Bitcoin is facing a potential price correction, with analysts warning of a possible 20-30% drop as crypto markets experience significant liquidations. Over the past 24 hours, approximately $1.1 billion has been liquidated across the cryptocurrency market, contributing to the current bearish sentiment.
Current Market Conditions
Bitcoin (BTC) has slipped below the $110,000 mark, trading around $108,590, reflecting weakened investor confidence and increasing selling pressure. This decline follows a failure to break past the $115,000 resistance level, a threshold that has proven difficult to overcome in recent weeks. The current price hovers just above the critical support level of $108,000. A break below this support could lead to further declines, potentially testing the $102,000 demand block.
Technical Analysis
Technical analysis indicates that Bitcoin is currently trapped between its 100-day moving average (MA) at $114,000 and its 200-day MA at $109,000. The recent rejection from the 100-day MA has triggered renewed selling pressure, highlighting the significance of this consolidation zone. A decisive close above $116,000 could signal renewed strength, potentially paving the way for a rally towards $120,000-$122,000. However, failure to hold the $109,000-$110,000 region could extend the corrective phase towards the $102,000-$104,000 range.
On the 4-hour chart, Bitcoin continues to respect an ascending trendline connecting higher lows formed since mid-October. The pullback from the $116,000 resistance has driven the price back towards this rising support, aligning with the $108,000-$109,000 high-liquidity area. A rebound from this level would validate the ongoing bullish structure and potentially initiate another move towards $115,000-$116,000.
Factors Influencing the Downturn
Several factors are contributing to the current market conditions:
- Federal Reserve's Stance: Recent cautious remarks from Federal Reserve Chair Jerome Powell have unsettled investors. Powell suggested that the recent 25-basis-point rate cut might be the last for 2025, leading to increased caution regarding monetary policy. This hawkish stance from the Federal Reserve could strengthen the U.S. Dollar, potentially weighing on cryptocurrencies.
- US-China Trade Tensions: Rising trade tensions between the U.S. and China have also contributed to the market's uncertainty. Mixed signals from U.S.-China talks have further amplified risk-off sentiment among investors.
- Long-Term Holder Behavior: Continued selling by long-term Bitcoin holders is restricting Bitcoin's growth. Many investors who accumulated Bitcoin during prior highs appear to be taking profits, creating additional headwinds for the cryptocurrency.
- ETF Outflows: Bitcoin ETFs experienced significant outflows recently, with US-listed spot Bitcoin ETFs recording $470.70 million in outflows on Wednesday, ending a four-day inflow streak.

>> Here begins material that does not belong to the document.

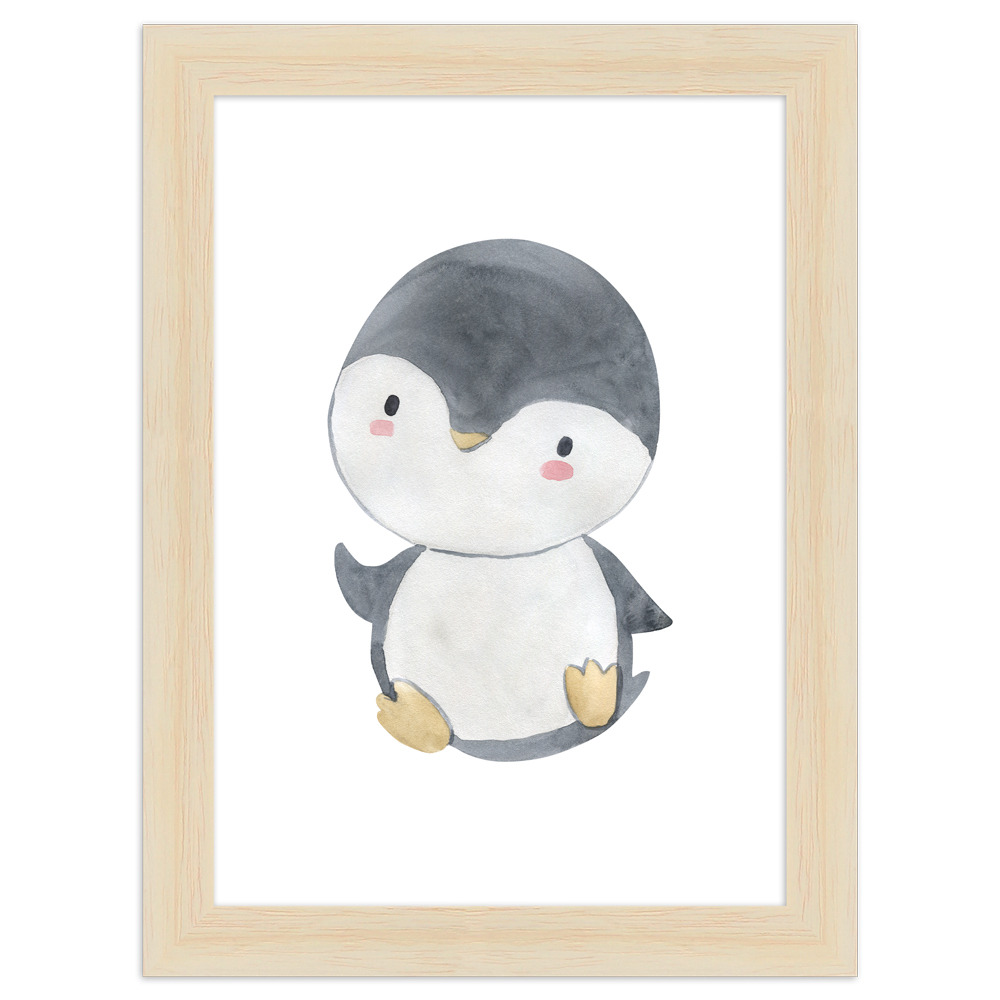 gerahmtes Poster | Pinguin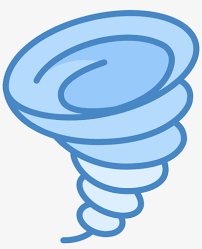 Curve the line down to form the sides of this first tier of the tornado. A Drawing Indicating A Tornado Tornado 1600x1600 Png Download Pngkit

Potential Rebound and Key Levels to Watch
Despite the current volatility, analysts suggest that a recovery above $110,000 could open the door for a move towards the $115,000 resistance zone if ETF inflows remain strong and macro headwinds ease. Key levels to watch include the $115,000 and $117,600 resistance levels, with a breakout potentially leading to $120,500 or even $124,150. Conversely, a fall below $108,000 could drag prices toward $105,500.
Broader Market Impact
The overall crypto market has reflected this risk-off sentiment. Ethereum (ETH) has dropped, along with XRP, Solana, and Dogecoin. This widespread decline underscores the interconnectedness of the cryptocurrency market and the impact of Bitcoin's performance on other digital assets.